» Work request
Given these entries, repeat exactly the lines starting with the one that has "Free and Open" and going on through the one that has "The belief in", both included, but none of the pictures.

» Dataset extract
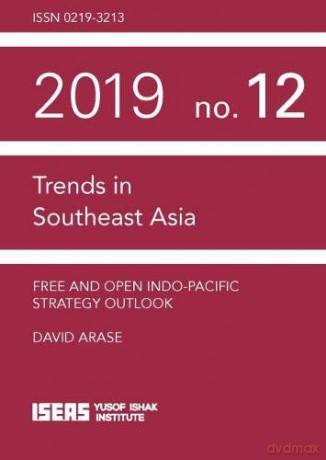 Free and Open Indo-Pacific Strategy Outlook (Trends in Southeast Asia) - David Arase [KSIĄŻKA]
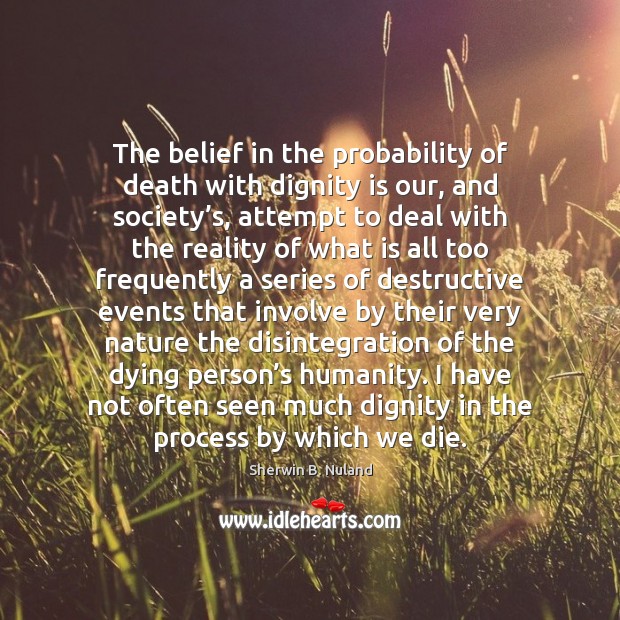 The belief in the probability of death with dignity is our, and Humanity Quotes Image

==

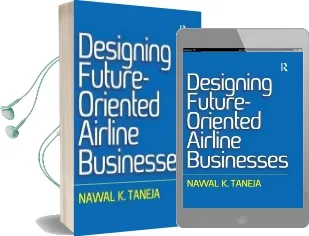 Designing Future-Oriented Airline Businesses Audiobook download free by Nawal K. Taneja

» Solution for this problem
 Free and Open Indo-Pacific Strategy Outlook (Trends in Southeast Asia) - David Arase [KSIĄŻKA]
 The belief in the probability of death with dignity is our, and Humanity Quotes Image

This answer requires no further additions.